Katie Eberling

Personal information
- Born: August 7, 1988 (age 37)
- Education: Western Michigan University (BS)

Sport
- Country: United States
- Sport: Bobsleigh

Medal record
Women's Bobsleigh
Representing United States
World Championships
| Silver medal – second place | 2013 St. Moritz | Two-woman |
| Bronze medal – third place | 2012 Lake Placid | Two-woman |

= Katie Eberling =

American bobsledder (born 1988)

Katie F. Eberling (born August 7, 1988) is an American retired bobsledder.

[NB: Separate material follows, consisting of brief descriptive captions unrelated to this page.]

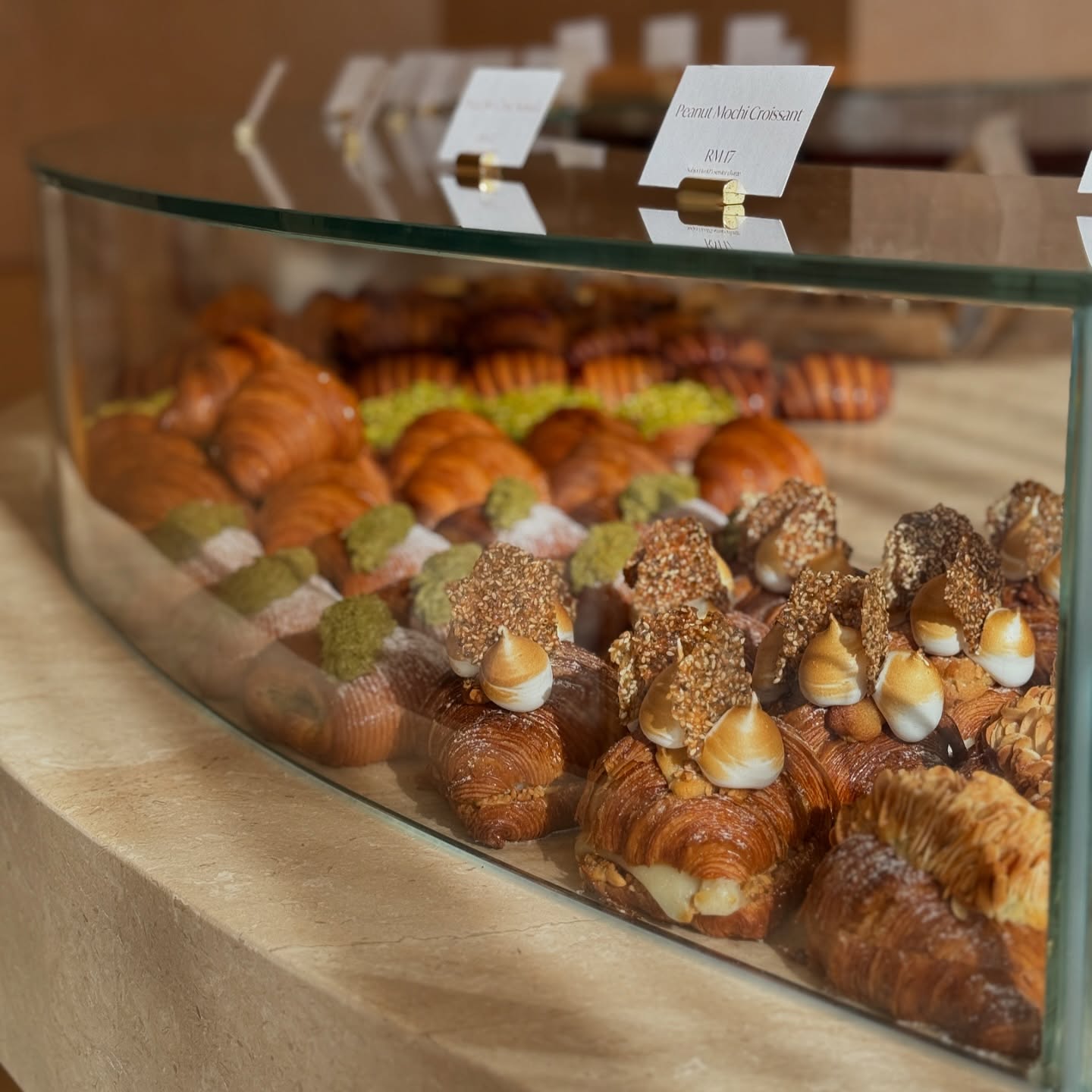 Etre Patisserie KL photo 3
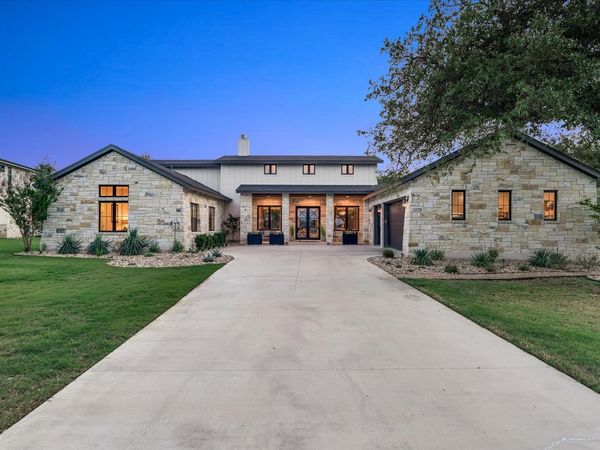 1379 Bunker Ranch BLVD , Dripping Springs, TX 78620
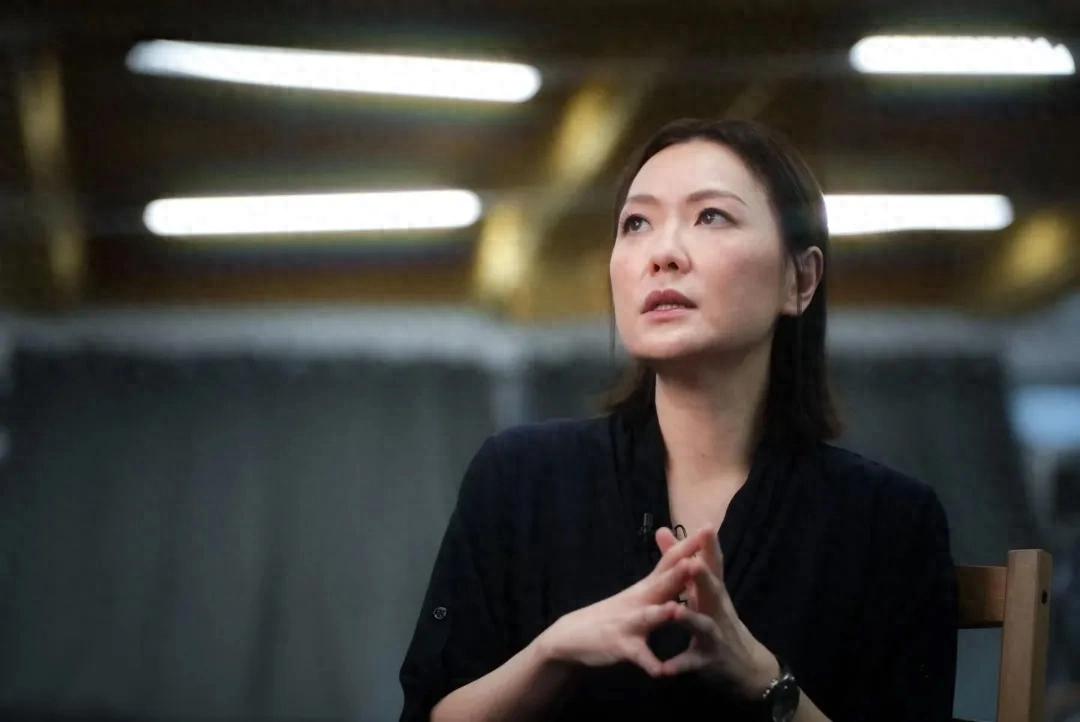 48岁TVB视后证实患癌，发文交代病情叹世事无常
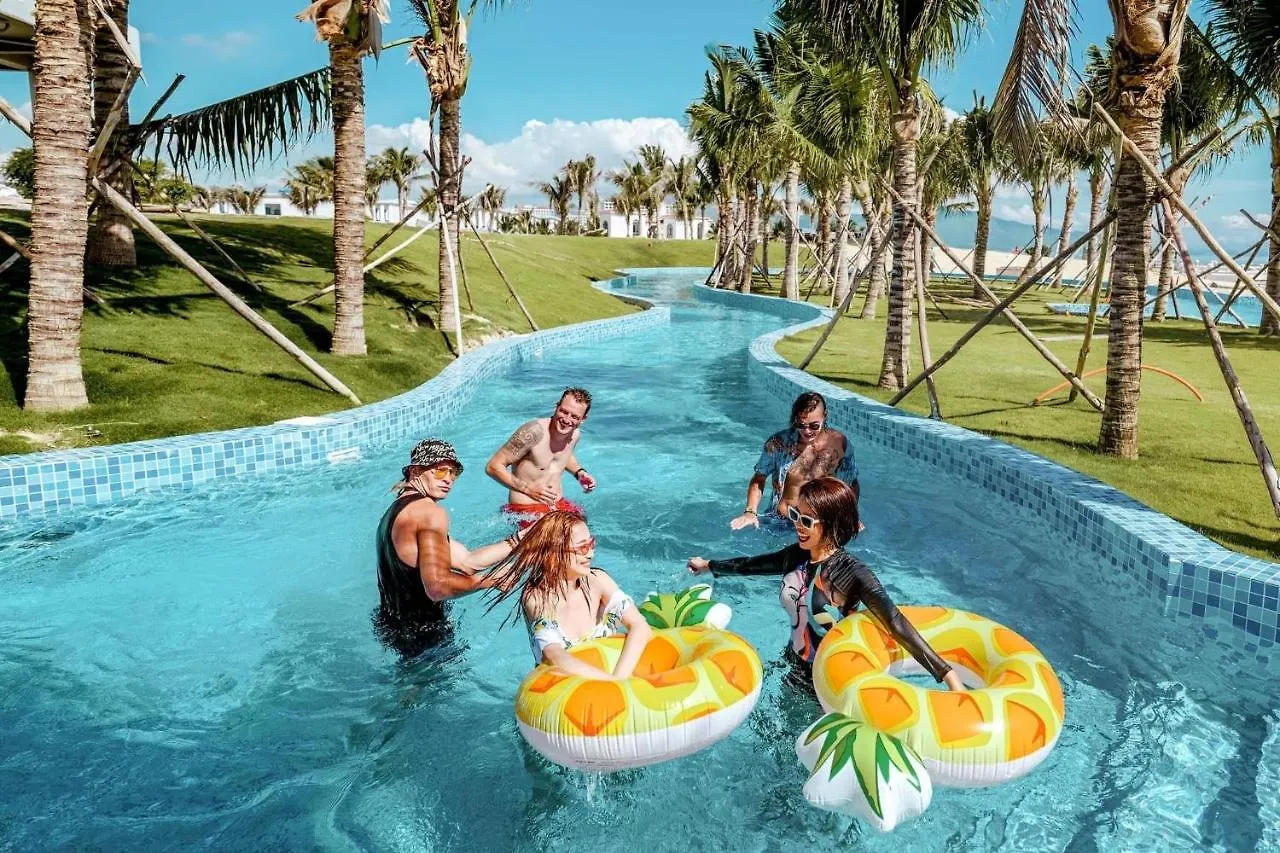 Ocean View At The Arena Cam Ranh Resort, Bai Dai Beach - Near Airport Nha Trang, Khanh Hoa Cam Lam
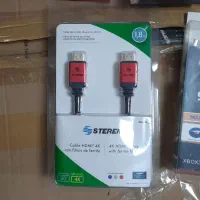 فروش انواع کابل hdmi 4k|صوتی و تصویری|تهران, شیخ هادی|دیوار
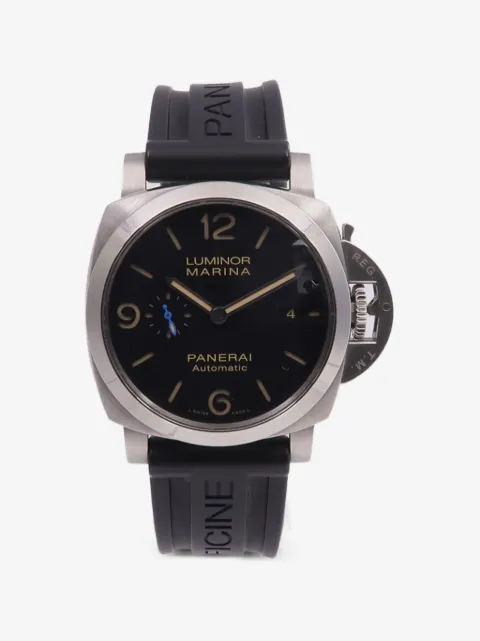 Panerai Luminor Marina 44mm watch
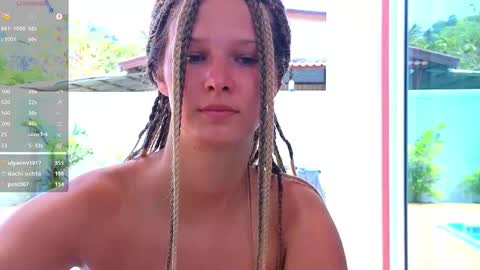 Katie online show from 03-05-25, 06:33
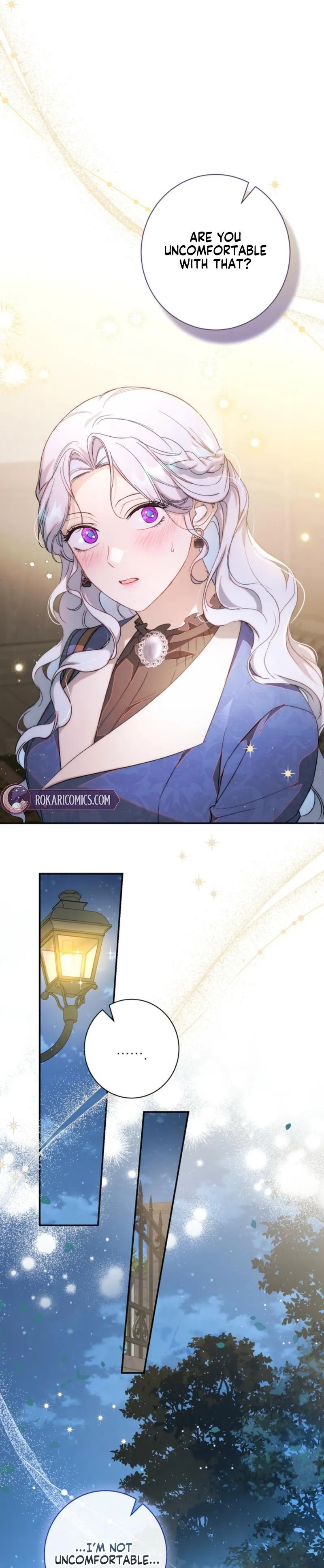 Unbeknownst to Me, I Am Secretly Dating the Emperor Chapter 9 - Page 52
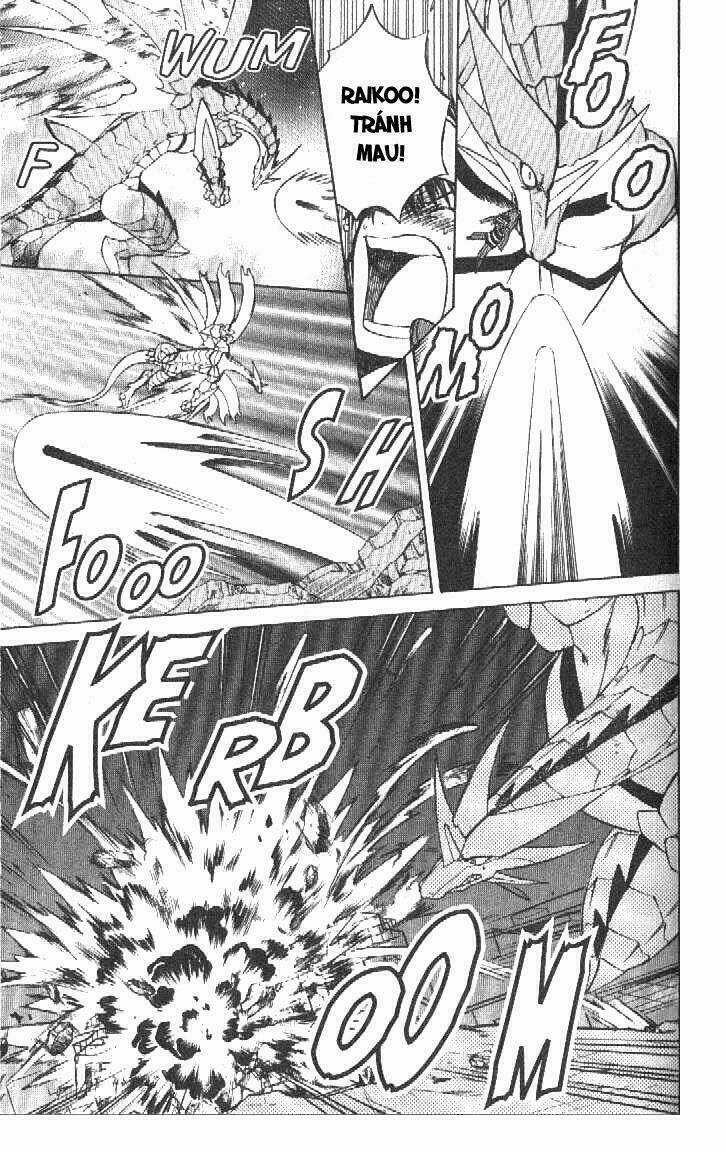 Rồng Ma Trận - Chapter 42 - Trang 12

She medaled at the 2012 and 2013 FIBT World Championships, and was an alternate on the United States team at the 2014 Winter Olympics in Sochi.

Raised in Palos Hills, Illinois, Eberling attended Amos Alonzo Stagg High School before playing four seasons of volleyball for the Western Michigan Broncos. She graduated from the university in April 2011 with a Bachelor of Science degree in early childhood education. In December 2010, Elana Meyers reached out to Eberling to recruit her for bobsled tryouts. In 2011, Eberling began training in the sport.

Eberling began her bobsled career as a brakeman. She was the 2011 United States bobsled push champion. At the FIBT World Championships 2012, she placed third in the two-woman bobsleigh with Elana Taylor as driver. In 2013, the same duo won a silver medal at the World Championships. That year, the U.S. Bobsled and Skeleton Federation named Eberling the women's bobsled athlete of the year.

In April 2013, Eberling, a lifelong Chicago Cubs fan, threw the ceremonial first pitch at a Cubs game.

In January 2014, the U.S. Bobsled and Skeleton Federation announced their picks for the Team USA delegation to the 2014 Winter Olympics; Eberling was not named. Track and field athlete Lolo Jones was chosen as the third-pick brakeman in place of Eberling, who was made an alternate. Selena Roberts, writing for USA Today, described Eberling's cut as a "snub" while other journalists called the decision a publicity stunt, arguing Eberling was more qualified than Jones. She traveled with the team to Sochi, Russia, and practiced as a backup athlete. Following the Olympics, because of the "subjective decision-making and the lack of control" she faced as a brakeman, Eberling switched to competing as a driver.

She announced her retirement from bobsledding in 2017 following an injury of two hamstring tears during a preseason camp. She was in contention for a place as a driver on the Olympic team to the 2018 Winter Olympics until her injury.